Exercise details: Line tally for "Faux": state how many lines of the entries include it, with no other text.

Stored items from a collection:
┄┄┄┄┄┄┄┄┄┄┄┄┄┄┄┄┄┄┄┄
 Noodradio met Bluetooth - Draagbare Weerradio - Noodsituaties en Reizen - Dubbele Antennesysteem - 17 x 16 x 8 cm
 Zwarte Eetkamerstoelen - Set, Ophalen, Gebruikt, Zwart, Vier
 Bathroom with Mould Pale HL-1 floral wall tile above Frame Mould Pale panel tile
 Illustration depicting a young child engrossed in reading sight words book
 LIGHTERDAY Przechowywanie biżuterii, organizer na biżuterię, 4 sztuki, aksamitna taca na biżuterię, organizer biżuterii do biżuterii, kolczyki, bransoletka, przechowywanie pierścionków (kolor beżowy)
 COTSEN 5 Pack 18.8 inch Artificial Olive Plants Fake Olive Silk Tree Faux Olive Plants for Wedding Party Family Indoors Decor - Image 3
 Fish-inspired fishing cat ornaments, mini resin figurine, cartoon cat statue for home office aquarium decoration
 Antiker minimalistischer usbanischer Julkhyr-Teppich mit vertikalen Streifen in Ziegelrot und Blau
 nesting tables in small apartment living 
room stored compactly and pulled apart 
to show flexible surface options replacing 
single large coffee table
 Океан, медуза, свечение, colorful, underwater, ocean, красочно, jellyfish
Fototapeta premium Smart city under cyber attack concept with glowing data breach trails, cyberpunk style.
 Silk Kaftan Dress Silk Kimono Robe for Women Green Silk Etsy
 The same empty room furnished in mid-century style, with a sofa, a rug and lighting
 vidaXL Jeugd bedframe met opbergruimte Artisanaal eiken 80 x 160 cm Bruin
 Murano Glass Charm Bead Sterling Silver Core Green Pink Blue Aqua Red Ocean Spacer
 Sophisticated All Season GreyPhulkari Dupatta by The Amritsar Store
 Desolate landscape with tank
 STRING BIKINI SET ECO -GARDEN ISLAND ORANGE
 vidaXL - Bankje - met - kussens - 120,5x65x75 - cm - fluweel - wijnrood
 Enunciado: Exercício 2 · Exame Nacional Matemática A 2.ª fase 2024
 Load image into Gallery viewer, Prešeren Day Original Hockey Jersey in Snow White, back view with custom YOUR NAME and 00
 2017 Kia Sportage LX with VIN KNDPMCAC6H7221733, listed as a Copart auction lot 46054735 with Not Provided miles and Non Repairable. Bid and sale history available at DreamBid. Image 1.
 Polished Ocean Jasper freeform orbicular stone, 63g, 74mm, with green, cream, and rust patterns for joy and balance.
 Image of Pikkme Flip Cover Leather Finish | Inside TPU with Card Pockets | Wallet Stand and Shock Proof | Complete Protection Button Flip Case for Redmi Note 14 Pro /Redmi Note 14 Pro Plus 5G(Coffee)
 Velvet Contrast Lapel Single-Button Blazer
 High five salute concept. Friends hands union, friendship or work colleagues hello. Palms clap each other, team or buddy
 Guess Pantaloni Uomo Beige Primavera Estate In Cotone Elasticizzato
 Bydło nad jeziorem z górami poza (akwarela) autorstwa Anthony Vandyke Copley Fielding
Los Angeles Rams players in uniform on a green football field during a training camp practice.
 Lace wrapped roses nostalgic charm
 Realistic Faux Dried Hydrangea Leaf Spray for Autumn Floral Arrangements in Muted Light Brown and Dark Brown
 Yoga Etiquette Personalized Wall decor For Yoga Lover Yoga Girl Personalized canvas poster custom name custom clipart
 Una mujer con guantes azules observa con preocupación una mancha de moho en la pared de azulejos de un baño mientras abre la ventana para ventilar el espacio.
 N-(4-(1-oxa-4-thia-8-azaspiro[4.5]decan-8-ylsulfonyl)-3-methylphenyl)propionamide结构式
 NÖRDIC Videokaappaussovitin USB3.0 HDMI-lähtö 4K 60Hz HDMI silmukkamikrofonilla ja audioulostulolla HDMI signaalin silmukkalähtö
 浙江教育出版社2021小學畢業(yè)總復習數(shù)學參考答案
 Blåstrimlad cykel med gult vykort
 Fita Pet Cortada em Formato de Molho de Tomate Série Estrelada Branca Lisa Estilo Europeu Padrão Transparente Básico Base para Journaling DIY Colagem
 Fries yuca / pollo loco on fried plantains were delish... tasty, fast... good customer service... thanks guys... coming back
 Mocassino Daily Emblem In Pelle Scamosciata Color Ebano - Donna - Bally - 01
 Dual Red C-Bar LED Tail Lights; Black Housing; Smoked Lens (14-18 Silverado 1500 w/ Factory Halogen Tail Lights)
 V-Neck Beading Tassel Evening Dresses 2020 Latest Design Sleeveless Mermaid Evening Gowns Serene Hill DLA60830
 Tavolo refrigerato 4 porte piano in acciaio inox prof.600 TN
┄┄┄┄┄┄┄┄┄┄┄┄┄┄┄┄┄┄┄┄
Task output: 2